Amadoma had also sewn a new Sunday outfit for Ye Memé, patterned with the orange crest of the bird-of-paradise plant embroidered around the border. Earlier in the week she had approached the stoop, almost tripping over it, hugging the bundle of material to her chest. Ye Memé and I had been enjoying the last few hours of a Sunday evening, the bloodsucker sun finally going down over the mountain having drained us of every ounce of moisture.

The children were playing Wha de time, Mista Wolfee? over by the silk cotton tree.

“Oh! Anudder one?” Ye Memé had exclaimed. “Why, tank-yu kindly, Likkle Miss Amadoma.”

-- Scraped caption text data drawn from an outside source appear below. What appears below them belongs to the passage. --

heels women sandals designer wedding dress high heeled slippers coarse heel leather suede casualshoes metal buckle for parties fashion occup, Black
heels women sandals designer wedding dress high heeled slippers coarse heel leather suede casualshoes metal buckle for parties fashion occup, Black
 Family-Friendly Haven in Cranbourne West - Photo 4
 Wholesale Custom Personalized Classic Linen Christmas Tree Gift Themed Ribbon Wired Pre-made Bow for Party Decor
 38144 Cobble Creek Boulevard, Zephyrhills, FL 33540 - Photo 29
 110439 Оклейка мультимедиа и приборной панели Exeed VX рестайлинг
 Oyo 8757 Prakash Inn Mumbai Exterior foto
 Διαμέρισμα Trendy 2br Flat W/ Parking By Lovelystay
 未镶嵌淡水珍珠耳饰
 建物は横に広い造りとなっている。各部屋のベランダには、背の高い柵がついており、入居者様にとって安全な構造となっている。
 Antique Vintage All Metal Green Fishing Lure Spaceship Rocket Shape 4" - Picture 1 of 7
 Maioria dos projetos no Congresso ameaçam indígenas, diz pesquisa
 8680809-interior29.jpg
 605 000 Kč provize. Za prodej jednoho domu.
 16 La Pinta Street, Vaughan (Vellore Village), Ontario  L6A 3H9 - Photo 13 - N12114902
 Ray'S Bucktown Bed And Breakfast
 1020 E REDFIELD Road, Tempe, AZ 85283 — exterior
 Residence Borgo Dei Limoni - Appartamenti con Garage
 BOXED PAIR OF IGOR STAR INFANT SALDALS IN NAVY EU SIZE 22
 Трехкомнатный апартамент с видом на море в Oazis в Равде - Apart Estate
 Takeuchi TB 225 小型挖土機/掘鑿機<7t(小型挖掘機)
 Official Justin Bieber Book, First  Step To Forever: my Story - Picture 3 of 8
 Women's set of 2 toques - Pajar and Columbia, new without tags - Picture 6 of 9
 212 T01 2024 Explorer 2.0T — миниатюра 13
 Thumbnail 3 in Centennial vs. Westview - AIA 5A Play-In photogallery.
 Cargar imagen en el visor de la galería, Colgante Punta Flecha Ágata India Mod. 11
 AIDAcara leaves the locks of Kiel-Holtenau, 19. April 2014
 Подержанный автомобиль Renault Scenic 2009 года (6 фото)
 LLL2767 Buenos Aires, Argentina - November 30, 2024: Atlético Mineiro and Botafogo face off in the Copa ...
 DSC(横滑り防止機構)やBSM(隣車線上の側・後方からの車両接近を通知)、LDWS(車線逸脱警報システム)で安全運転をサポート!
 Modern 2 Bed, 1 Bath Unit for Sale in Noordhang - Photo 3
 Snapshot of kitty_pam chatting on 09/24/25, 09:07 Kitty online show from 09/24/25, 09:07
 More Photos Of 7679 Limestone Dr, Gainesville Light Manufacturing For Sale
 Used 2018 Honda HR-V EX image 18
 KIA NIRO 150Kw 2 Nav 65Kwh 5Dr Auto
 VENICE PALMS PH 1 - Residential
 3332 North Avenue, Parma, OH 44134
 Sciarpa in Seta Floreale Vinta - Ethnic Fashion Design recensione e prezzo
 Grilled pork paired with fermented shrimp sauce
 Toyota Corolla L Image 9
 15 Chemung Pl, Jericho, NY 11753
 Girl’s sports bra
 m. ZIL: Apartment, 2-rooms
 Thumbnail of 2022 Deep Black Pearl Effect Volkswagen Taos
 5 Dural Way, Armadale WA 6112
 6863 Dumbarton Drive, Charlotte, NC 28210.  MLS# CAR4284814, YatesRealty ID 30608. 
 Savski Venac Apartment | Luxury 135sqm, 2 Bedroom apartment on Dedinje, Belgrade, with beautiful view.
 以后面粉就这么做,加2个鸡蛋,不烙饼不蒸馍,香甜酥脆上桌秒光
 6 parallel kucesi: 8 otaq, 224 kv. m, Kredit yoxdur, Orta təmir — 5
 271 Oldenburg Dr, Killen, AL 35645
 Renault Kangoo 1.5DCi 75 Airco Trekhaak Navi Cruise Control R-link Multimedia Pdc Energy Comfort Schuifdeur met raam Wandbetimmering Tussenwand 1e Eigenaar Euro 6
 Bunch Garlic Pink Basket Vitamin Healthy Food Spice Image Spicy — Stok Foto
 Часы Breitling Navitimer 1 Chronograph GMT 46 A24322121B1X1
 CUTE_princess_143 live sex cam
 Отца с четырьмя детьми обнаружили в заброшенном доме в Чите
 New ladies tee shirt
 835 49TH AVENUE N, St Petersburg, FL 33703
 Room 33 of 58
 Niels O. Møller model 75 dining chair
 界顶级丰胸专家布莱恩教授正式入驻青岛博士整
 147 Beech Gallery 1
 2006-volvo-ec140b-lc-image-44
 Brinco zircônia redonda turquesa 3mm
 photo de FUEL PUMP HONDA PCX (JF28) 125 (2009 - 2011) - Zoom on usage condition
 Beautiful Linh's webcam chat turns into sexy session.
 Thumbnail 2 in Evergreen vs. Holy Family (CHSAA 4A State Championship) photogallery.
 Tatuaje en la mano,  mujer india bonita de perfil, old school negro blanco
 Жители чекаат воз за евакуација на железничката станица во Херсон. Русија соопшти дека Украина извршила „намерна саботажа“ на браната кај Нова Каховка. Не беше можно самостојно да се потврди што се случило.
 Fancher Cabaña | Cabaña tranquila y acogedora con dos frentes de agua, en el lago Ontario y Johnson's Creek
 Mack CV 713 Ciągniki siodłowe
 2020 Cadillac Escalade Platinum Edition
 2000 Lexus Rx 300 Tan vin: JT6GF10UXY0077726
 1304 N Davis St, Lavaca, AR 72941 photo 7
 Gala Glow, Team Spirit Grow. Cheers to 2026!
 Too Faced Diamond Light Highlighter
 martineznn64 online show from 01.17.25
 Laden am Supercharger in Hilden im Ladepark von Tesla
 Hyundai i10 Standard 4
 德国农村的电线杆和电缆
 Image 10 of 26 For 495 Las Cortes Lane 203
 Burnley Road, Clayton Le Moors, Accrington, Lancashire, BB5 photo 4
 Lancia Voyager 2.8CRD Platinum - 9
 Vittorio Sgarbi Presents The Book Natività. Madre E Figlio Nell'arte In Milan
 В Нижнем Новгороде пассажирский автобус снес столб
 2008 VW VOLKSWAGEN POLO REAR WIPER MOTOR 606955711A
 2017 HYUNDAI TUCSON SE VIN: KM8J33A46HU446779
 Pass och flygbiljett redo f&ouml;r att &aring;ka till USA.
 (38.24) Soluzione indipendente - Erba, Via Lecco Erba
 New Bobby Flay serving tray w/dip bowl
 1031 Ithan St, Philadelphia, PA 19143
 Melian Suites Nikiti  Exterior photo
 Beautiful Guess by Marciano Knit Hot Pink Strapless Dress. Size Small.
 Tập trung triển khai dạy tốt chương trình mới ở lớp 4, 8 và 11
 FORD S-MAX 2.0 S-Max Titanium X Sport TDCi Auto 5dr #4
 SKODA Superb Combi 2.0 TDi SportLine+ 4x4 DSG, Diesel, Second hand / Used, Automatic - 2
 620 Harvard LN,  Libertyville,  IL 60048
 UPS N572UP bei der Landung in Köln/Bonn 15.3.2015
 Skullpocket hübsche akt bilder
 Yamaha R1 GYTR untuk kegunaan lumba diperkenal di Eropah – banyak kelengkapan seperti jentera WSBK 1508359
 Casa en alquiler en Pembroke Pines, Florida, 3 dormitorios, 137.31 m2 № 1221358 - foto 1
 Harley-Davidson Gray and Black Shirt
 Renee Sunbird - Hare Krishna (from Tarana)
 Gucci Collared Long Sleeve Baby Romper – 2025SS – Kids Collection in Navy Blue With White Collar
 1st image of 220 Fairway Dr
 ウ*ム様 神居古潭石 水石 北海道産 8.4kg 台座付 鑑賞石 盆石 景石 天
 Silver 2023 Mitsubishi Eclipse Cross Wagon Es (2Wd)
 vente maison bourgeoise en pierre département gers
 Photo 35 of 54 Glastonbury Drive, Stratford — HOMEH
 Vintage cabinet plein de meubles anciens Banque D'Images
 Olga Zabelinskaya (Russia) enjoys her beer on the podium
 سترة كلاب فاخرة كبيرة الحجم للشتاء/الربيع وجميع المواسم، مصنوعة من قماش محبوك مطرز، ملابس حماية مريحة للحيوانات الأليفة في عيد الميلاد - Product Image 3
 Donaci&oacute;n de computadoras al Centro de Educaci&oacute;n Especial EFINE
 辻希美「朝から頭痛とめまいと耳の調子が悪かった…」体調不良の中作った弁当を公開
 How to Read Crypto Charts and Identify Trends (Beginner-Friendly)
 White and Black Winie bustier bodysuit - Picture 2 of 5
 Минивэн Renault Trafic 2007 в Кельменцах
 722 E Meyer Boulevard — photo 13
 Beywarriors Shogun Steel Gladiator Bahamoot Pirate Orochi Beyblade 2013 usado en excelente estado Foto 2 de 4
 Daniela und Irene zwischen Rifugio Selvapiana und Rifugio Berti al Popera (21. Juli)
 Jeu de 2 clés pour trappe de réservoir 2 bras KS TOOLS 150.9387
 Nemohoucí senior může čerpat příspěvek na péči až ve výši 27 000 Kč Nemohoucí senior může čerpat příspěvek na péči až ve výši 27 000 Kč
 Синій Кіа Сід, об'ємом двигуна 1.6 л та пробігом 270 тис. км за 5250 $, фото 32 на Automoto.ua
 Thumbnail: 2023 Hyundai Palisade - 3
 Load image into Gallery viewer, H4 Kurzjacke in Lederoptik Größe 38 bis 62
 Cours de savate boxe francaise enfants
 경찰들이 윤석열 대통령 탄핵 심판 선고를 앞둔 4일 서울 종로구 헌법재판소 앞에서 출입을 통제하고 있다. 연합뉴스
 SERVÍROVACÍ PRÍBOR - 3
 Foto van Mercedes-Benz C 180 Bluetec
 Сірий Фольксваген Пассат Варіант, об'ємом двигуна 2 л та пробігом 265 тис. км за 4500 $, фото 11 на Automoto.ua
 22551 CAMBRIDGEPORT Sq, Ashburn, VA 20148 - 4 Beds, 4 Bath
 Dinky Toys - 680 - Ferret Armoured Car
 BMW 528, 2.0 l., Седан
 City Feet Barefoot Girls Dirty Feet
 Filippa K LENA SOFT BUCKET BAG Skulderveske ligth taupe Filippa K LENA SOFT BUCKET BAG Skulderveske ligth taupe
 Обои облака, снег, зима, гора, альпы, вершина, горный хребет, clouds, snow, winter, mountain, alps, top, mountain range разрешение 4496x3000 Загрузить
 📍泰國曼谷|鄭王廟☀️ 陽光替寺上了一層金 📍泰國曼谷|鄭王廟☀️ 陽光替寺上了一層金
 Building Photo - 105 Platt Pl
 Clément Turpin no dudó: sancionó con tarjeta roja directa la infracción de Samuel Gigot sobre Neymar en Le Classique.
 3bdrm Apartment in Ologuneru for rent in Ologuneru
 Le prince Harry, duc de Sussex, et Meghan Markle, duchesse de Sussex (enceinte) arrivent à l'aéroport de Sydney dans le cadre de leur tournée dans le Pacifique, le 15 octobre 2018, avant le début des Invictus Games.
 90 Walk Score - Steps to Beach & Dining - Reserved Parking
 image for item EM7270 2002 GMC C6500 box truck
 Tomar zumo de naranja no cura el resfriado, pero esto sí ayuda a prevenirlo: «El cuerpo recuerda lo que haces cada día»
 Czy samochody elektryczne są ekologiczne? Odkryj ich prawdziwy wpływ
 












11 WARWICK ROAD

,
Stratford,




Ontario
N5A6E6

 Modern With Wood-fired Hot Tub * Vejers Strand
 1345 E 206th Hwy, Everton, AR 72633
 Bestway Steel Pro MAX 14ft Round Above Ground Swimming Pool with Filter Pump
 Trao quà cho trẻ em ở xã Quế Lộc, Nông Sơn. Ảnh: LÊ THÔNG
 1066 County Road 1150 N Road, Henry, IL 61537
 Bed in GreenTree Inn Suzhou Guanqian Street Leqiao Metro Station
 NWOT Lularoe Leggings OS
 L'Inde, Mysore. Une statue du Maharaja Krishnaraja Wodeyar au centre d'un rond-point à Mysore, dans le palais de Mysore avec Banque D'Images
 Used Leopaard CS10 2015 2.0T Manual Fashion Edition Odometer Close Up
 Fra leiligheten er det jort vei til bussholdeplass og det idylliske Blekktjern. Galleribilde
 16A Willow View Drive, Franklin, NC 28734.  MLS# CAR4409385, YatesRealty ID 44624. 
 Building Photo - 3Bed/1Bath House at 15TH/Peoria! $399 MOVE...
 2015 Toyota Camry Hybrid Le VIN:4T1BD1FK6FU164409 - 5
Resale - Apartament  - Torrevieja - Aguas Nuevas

Amadoma then rolled off down the lane with the slow, satisfied demeanor of a mission accomplished, hands crossed over her stomach. It was as if delivering her gift was enough. Ye Memé was unreadable, but when she saw me sneakily observing her (as was my wont), she slipped into a lopsided grin and rolled her eyes into a
Wha cyan mi do, enh?

Now back at the shrine, Father O‘Reilly suddenly ceased his preachifying, turned his back on the congregation, dipped into a basket, draped himself in a white cassock with a large red and gold cross appliquéd onto the front, and strung a rosary of red coral beads from his neck. I heard the shrine doors shut and looked behind to see them barring it with a plank of wood. A boy stepped out of the congregation, gave the priest an effigy of Christ on a wooden cross, lit a chalice filled with incense and returned to the suddenly stilled crowd, swaying the chalice as he wandered among us.